SCRIPTA MANENT - 10/10/2010

Ti sento ancora, ti rivedo: “…purtroppo, Paolo Mazzullo è morto”.

DI CIRO

Si è quel che si è da vivi e appena dopo morti, sennò s’incorre nei patetici commiati in cui ci si affanna a tesser elogi per chi non c’è più. Si dovrebbe avere il coraggio di dire a un malfattore appena morto che era un figlio di buonadonna. Ma Paolo era il più autentico e magnifico dei figli di buonadonna! Perché chi mette voce-pensiero-corpo in radio affermando cose scomode e “non politicamente corrette”, gestendo alla sua maniera spiccia ma (vivaddio!) con autorità le vicende della Radio, non temendo reazioni e dissensi e quindi pochi ascolti, è comunque una persona da stimare, da rispettare. Certo ne ha avuti di avversari e persone distanti dal suo pensiero (compreso io!)… Ma oggi mi riprende la ben nota sensazione di gola secca e vuoto allo stomaco. Purtroppo Paolo non è c’è più. Purtroppo – qui parola inflazionata - ci sono quelli come me che non sanno piangere e non manifestano il malessere all’esterno . Oggi la notizia dall’amico Emilio, a cui chiedevo il perché di due giorni in cui non andava in onda. Questo il laconico messaggio: “ciao Ciro, purtroppo Paolo Mazzullo è morto”. Poche essenziali parole cambiano il mondo, la storia. Non so di cosa e come sia morto, a questo punto poco importa! Forse, credo, una cosa improvvisa… E questo la dice tutta su come la morte sia sempre un furto e una violenza! Come credente porterò al buon Dio - credo che male non gli faccia! – un pensiero e una preghiera per il “buon” Paolo, seppure lui si è sempre palesato lontano da quanto sapeva di chiesa. Perché “buono” è anche chi è sincero, chi non finge, chi dice la verità (magari la sua!) ma è comunque in buona fede. Eppoi le categorie sono etichette che appiccicano gli uomini, non certo il “Principale” di lassù.

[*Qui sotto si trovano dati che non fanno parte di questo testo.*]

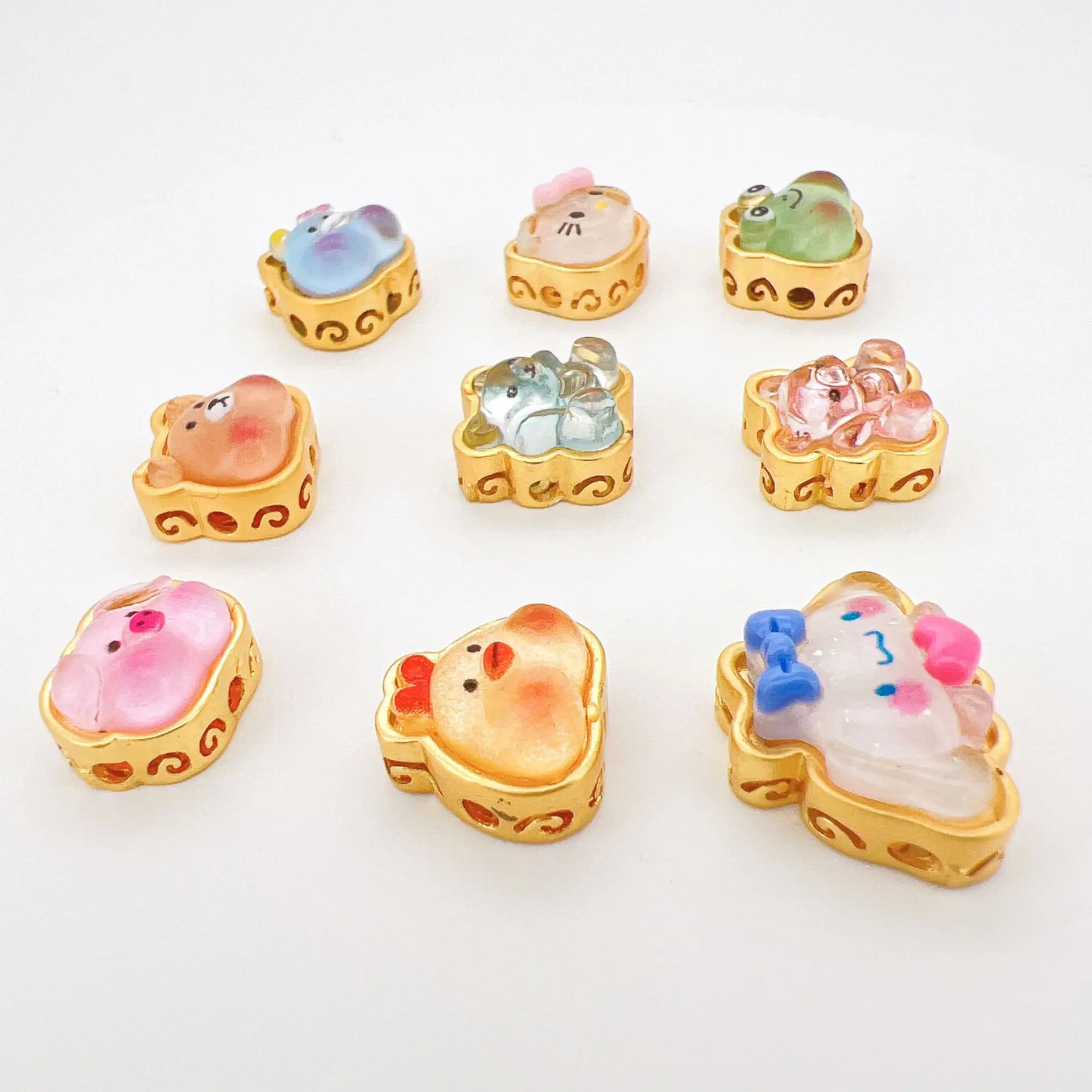 7pcs Copper Gold Plated Jewelry Making Rabbit Panda Cartoon Spacer Beads Handmade DIY Bracelet Necklace Accessories Wholesale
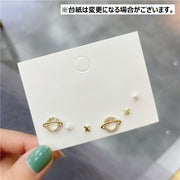 スタッドピアス 3ペアセット アクセサリー レディース 女性用 ファッション小物 小ぶり 小さめ ラインストーン フェイクパール ボール 惑星 土星 プラネット シンプル かわいい おしゃれ 上品 プレゼント ギフト 誕生日 記念日 デイリー 普段使い 通勤 通学 オフィス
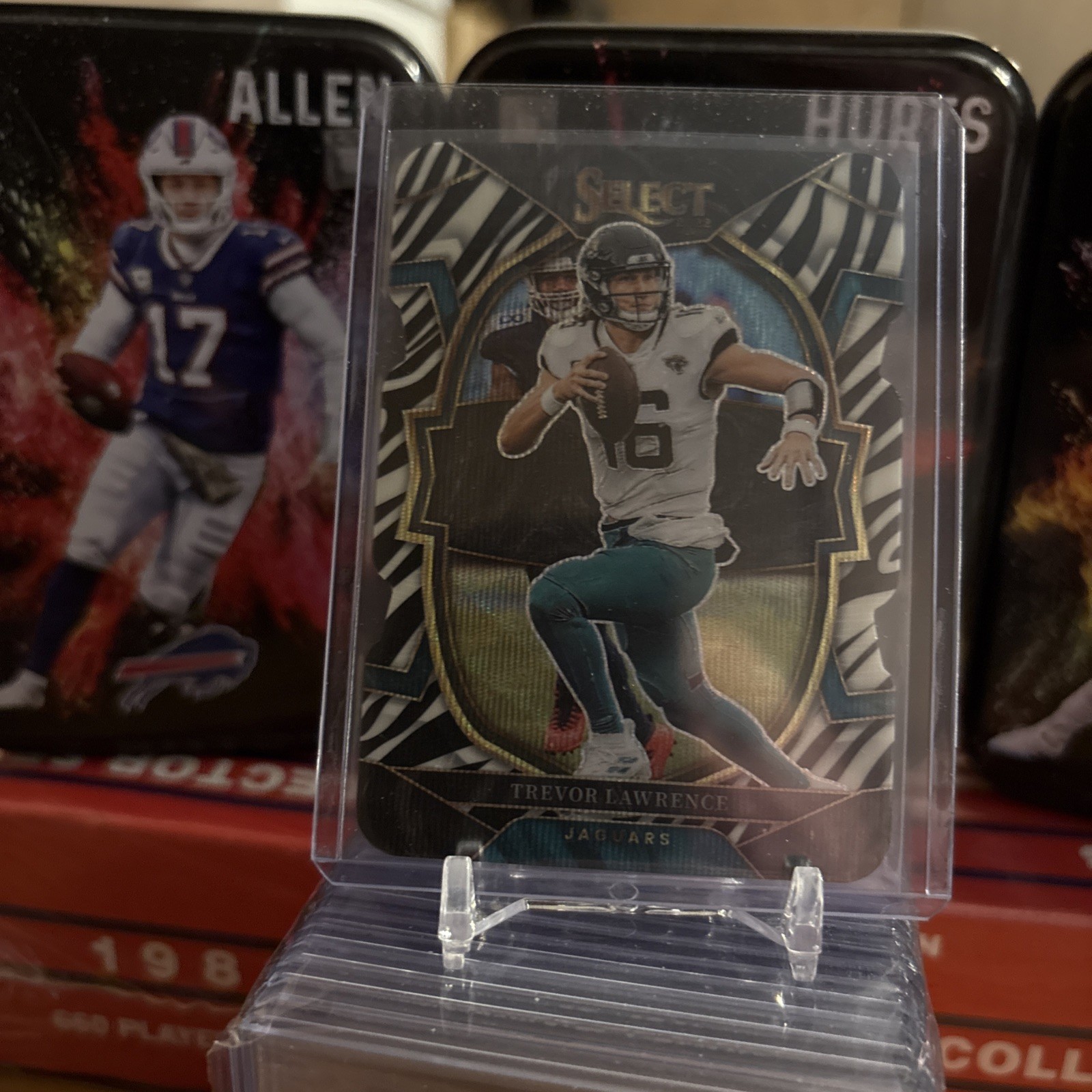 2022 Panini Select - Concourse Trevor Lawrence #41 Zebra Prizm Die-Cut
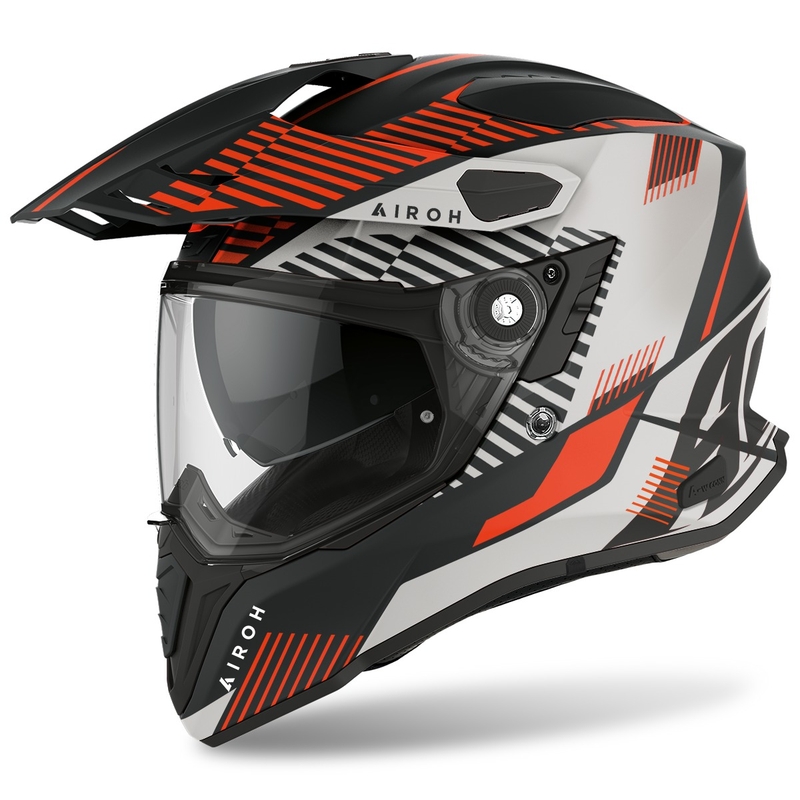Enduro čelada Airoh Commander Boost 2022 črno-bela-oranžna mat razprodaja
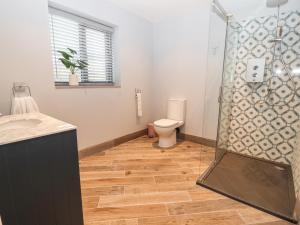 a bathroom with a toilet and a glass shower at Timadon Cottage in Chester +16 photos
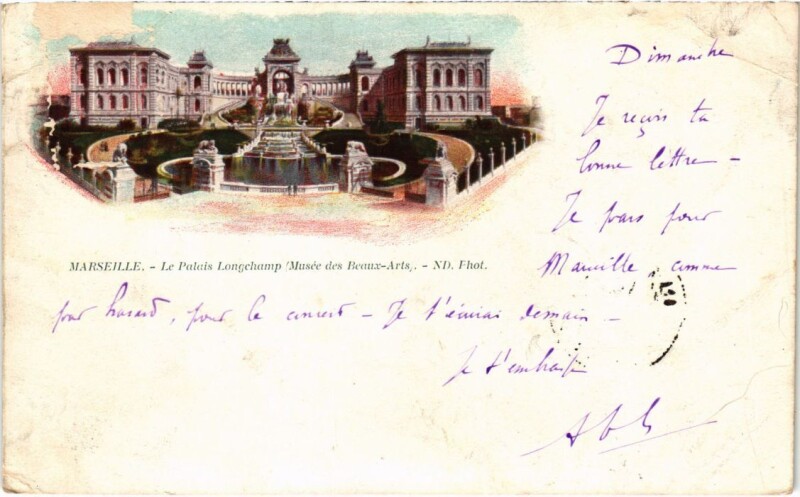 Carte postale ancienne Marseille Le Palais Longchamp - Musee des Beaux-Arts à Marseille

Ti rivedo con la giacca jeans davanti al Qube una sera, a un concerto di un mio amico in una cover band dei Muse, coi capelli grigi, appoggiato sospeso a una transenna, in un atteggiamento da “artro che giovani d’oggi!”, figura minuta ma temperamento energico. Oppure una mattina dell’aprile 2009 all’angolo di Via Gabrielli, la via della tua amata Radio Rock, il giorno in cui partisti insieme a decine di ascoltatori (la “testa” della carovana col fido Marcello) in improvvisati camion per portare materiale e cibo ai terremotati. Mi pare di ascoltarti ancora il sabato sera (a spezzoni) e qualche volta intorno alle 14 per “l’ora del panino”. Oggi, al pensiero di te, mi succede di accostarti a Giorgio Gaber, autore che tu hai amato tanto. Quante volte hai trasmesso “Qualcuno era comunista” e “La mia generazione ha perso”. Ecco qualcosa che ci accomuna al grande Giorgio: il rigore, la passione per le idee e il coraggio di spararle, a volte anche brutalmente o con volgarità ma sentite, vere. Pensare a questo e al fatto che pochi anni e sono tuo coetaneo mi fa rabbrividire! Sei andato via troppo presto! La morte “colpisce” chi rimane, cioè noi. Questa ingiustizia chiamata morte è una cosa che non ti riguarda, ormai tu sei nel “mistero” dell’aldilà, noi restiamo quaggiù sbigottiti e ignari, pensando di essere eterni e non avendo spiegazione al dolore e alla morte. L’ultima speranza, anzi una certezza, è che la tua “creatura” deve continuare, è quasi un debito morale verso di te! E’ la gratitudine che sono chiamati a manifestare DJ e non solo per le tante energie da te spese in quest’avventura chiamata Radio Rock.

Ciao per sempre Ciro.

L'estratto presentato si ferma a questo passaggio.